## PROBLEM DESCRIPTION
Copy every line of the data in which the word "Canvas" occurs.

## EXERCISE INPUT
- - - -

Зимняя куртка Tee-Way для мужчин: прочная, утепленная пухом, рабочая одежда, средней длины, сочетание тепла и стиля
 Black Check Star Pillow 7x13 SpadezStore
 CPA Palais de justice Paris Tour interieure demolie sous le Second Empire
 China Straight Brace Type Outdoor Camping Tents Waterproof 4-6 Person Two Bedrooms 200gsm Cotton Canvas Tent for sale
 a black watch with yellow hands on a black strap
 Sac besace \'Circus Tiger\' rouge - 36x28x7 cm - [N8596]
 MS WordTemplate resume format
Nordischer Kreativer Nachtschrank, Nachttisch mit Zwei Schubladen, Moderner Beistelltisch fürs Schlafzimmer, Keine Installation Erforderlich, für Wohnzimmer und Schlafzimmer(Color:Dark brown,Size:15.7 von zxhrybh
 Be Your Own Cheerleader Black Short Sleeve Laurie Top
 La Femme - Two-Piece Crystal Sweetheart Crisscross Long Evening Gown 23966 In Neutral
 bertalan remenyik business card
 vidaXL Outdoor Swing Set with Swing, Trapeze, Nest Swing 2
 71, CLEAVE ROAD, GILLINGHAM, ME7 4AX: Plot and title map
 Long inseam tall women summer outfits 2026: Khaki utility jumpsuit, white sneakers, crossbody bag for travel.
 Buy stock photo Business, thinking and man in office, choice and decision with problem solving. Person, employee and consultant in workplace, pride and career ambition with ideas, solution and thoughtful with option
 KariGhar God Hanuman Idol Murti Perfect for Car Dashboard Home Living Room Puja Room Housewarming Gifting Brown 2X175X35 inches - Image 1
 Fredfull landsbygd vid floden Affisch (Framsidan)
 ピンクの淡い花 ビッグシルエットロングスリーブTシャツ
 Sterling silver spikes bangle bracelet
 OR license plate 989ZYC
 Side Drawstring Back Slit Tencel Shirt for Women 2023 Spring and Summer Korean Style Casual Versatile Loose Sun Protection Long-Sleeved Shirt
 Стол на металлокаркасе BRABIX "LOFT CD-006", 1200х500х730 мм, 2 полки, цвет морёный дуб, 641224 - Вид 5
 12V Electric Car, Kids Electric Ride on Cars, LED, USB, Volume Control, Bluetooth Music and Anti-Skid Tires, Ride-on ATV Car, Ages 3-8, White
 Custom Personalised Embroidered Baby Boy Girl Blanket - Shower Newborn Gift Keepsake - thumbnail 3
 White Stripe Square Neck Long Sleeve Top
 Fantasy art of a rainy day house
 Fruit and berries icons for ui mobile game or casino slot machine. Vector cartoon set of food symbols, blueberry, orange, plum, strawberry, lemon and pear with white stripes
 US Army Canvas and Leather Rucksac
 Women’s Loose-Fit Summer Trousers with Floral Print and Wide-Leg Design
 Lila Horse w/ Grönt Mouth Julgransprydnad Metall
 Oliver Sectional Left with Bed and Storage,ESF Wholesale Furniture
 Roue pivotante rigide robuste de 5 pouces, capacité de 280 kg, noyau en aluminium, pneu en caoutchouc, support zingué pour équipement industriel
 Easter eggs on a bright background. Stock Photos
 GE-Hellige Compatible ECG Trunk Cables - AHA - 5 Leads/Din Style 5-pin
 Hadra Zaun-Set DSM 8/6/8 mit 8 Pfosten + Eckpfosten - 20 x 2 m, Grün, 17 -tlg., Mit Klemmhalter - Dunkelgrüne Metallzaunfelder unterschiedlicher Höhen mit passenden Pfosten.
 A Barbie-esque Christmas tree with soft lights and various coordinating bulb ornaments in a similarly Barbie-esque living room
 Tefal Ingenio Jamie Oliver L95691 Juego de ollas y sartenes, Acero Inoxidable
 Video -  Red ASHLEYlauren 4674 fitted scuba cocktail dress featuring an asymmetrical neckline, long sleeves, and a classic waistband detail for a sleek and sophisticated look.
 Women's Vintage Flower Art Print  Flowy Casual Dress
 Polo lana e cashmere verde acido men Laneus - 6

- - - -

## ANSWER BOX
 China Straight Brace Type Outdoor Camping Tents Waterproof 4-6 Person Two Bedrooms 200gsm Cotton Canvas Tent for sale
 US Army Canvas and Leather Rucksac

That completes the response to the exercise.